The twin-carbon design represents an innovative strategy to tackle challenges such as insufficient electron/ion transport efficiency, significant volume changes, and various side reactions in various energy-related applications. The present work illustrates the fabrication of N-doped carbon-coated CoFeS2 anchored rGO nanosheet composites for lithium-ion battery and supercapacitor applications. Due to the twin-carbon design, the CoFeS2@rGO/N-C achieves an impressive first charge/discharge capacity of 688.61/838.07 mAh g-1 at 100 mA g-1, with 82.16% of coulombic efficiency. It preserves 82.54 % of initial capacity after 1000 cycles, outperforming both the CoFeS2 and CoFeS2@rGO materials.
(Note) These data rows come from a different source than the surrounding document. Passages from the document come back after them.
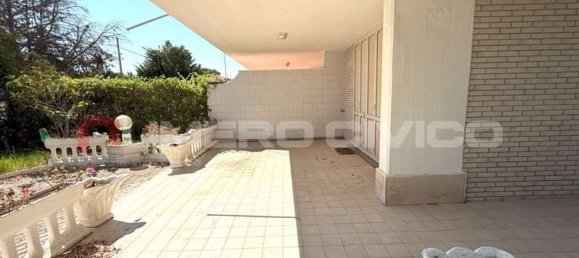 Villa de 5 habitaciónes en Manfredonia, Italy No. 268096 4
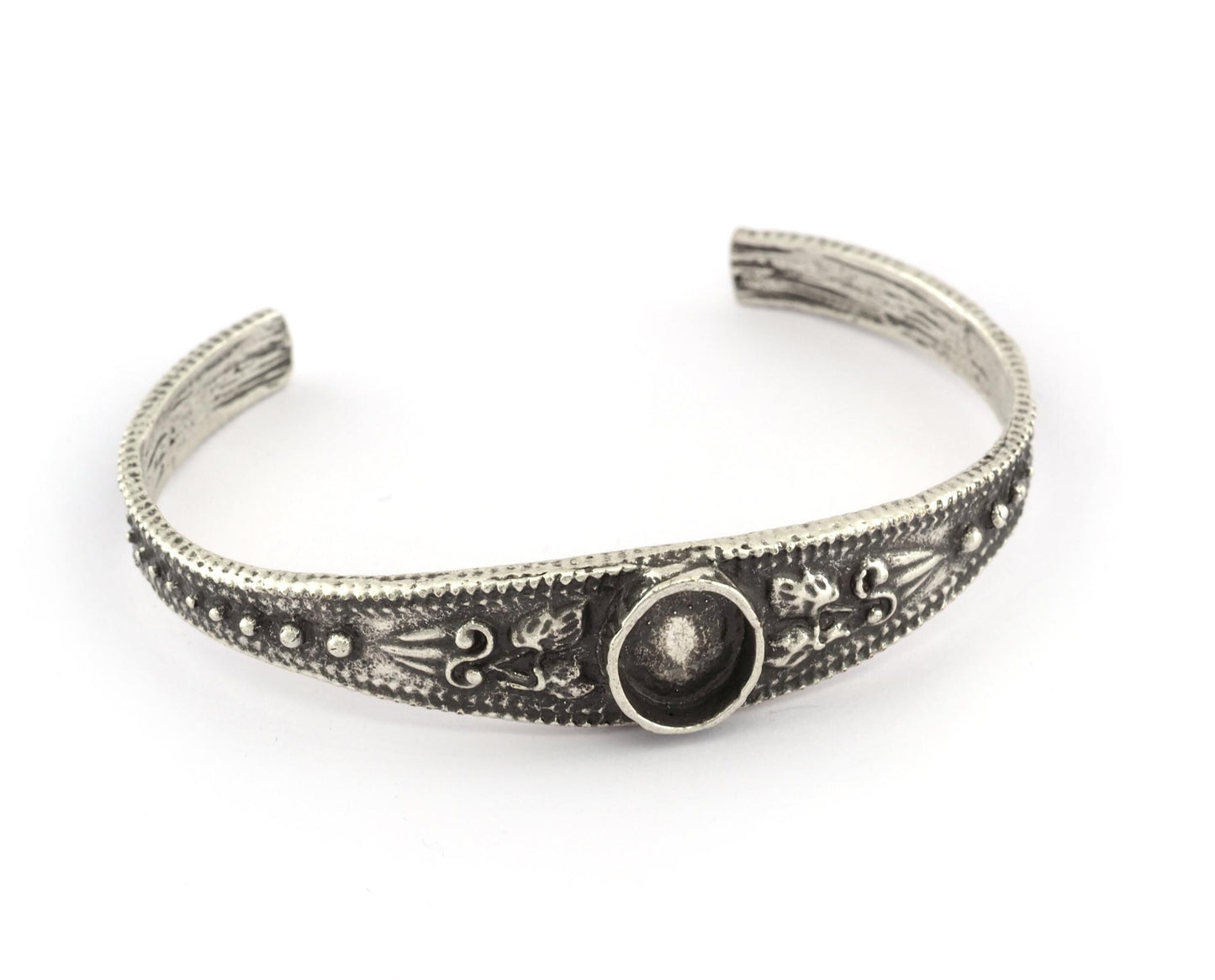 Boho Bracelet, Oval Blank Bracelet Making Base, 10x8mm Bezel Flower Bracelet Antique Silver Plated Brass (58mm size - Adjustable ) 5579 AS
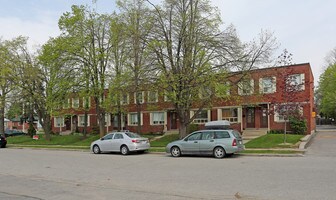 1185 Warden Ave in Toronto, ON - Building Photo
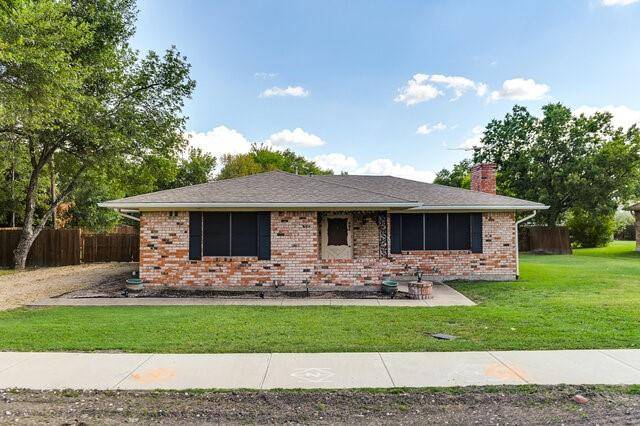 219 W Jefferson Street, Palmer, TX 75152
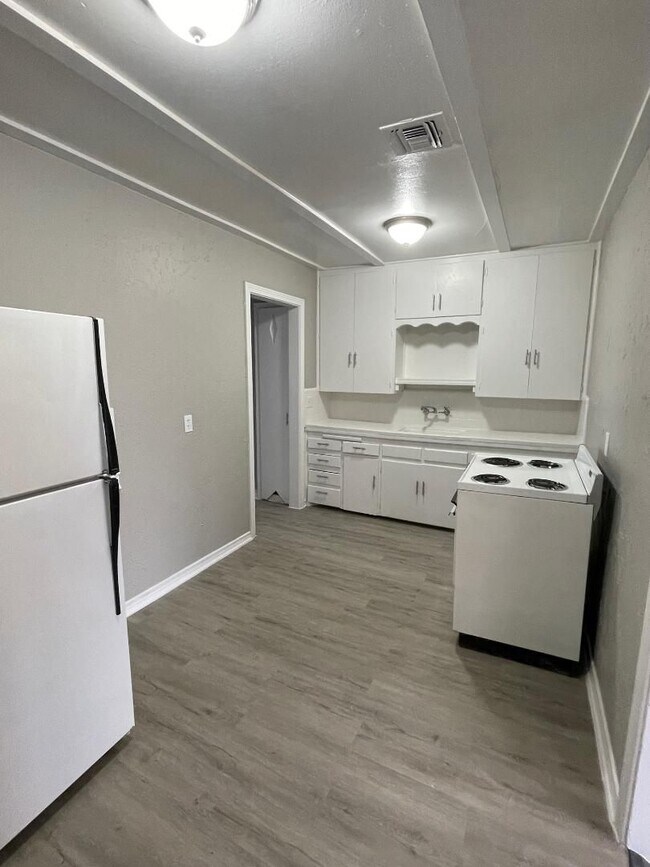 Photo - Duplex For Lease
In supercapacitor tests, the CoFeS2@rGO/N-C demonstrates a specific capacity of 322 mA h g-1 (1933 F g-1) at 1 A g-1, with rate capability of 49 % at 30 A g-1. The CoFeS2@rGO/N-C//activated carbon asymmetric device provides a specific capacity of 176.3 mA h g-1 (352.7 F g-1) at 1 A g-1, along with the 79.4 W h Kg-1 and 16.9 kW Kg-1 of energy and power density values respectively. The asymmetric device shows only a 12% decline in initial capacity and maintains 88% cyclic stability, with 97 % coulombic efficiency after 10,000 continuous cycles at 10 A g-1. Post-study analyses further confirm the high stability of the twin-carbon approach in the CoFeS2@rGO/N-C composite. This research underscores a comprehensive understanding of the twin-carbon strategic design for developing superior electrodes in sustainable energy storage applications.